On similar lines, Padhi said, Swiggy had a fantastic opportunity with their product, Swiggy Instamart. He said that if the ad was as powerful as the product, the brand would have had an opportunity to make a fresh new statement in terms of communication.
What are the things brands must be careful about while spoofing ads?
Experts suggest that a lot of things must be taken into consideration when brands want to go down this route. According to Desai, the popularity of the ad you are spoofing also matters. He said sometimes the joke might get bigger than the brand and can overshadow what the brand is eventually trying to say.
“People might even like your ad but there is always a fear of the joke overtaking and not having a real connection with your audience. Eventually, a parody works only when you are not insulting the former brand or the ad,” he said.
“Often what happens is that a lot of it is just an industry joke for the people inside that industry.

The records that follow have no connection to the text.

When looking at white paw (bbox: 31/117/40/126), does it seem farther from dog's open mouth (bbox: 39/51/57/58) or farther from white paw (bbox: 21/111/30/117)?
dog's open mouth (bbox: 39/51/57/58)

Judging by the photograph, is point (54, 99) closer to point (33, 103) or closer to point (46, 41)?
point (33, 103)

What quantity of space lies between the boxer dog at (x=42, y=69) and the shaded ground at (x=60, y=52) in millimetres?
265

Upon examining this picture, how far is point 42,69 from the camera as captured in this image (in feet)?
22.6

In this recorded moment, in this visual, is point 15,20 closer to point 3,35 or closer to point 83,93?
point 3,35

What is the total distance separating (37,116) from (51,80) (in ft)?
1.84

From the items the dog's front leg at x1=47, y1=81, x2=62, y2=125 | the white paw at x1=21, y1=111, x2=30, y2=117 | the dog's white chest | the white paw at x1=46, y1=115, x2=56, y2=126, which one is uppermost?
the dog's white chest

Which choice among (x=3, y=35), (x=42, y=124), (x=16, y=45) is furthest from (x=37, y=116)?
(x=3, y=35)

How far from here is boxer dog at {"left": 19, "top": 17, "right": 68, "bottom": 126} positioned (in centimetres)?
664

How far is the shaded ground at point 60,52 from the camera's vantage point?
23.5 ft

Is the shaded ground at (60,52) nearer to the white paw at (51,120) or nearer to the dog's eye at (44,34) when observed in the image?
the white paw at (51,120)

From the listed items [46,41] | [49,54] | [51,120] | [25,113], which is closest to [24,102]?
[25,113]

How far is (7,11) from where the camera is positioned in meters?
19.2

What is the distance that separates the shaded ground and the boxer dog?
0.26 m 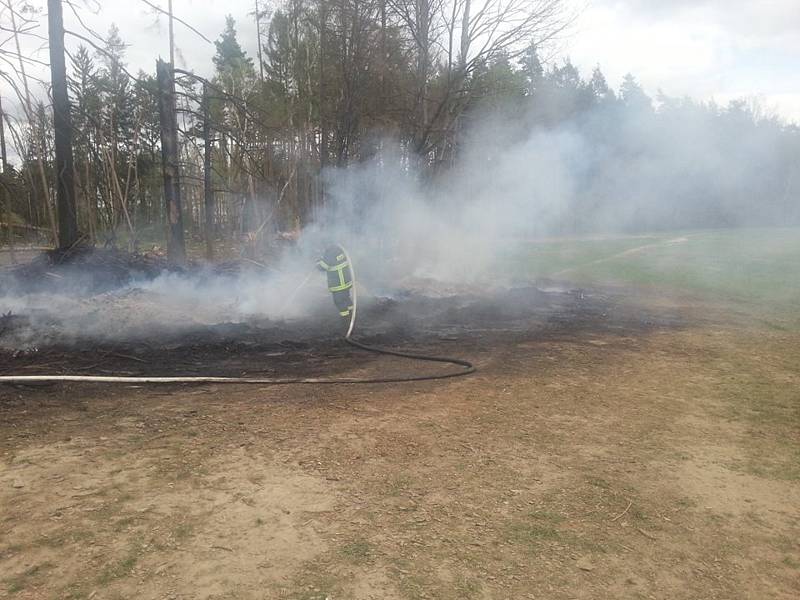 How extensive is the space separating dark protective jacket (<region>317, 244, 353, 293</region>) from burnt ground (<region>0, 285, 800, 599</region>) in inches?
94.0

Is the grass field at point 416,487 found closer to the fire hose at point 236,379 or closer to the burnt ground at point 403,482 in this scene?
the burnt ground at point 403,482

So, you know the joke, I know the joke but does the common audience understand that?” Desai said.
“If you want to go down this spoofing route, you have to see that you pick the right ad, and is it relevant to your brand? Are you forcing the laugh, just because you came up with something funny?” Olety said.
Speaking about the pros and cons of this approach, Aggy said that spoofing piggybacks on a tested engagement, so if done smartly it gives a head start on cutting clutter. The obvious drawback is that if it does not register or the engagement quotient of the original ad itself no longer cuts ice in the current context. The biggest con, however, is that it might turn into an ‘insider-joke’ which only advertising connoisseurs get.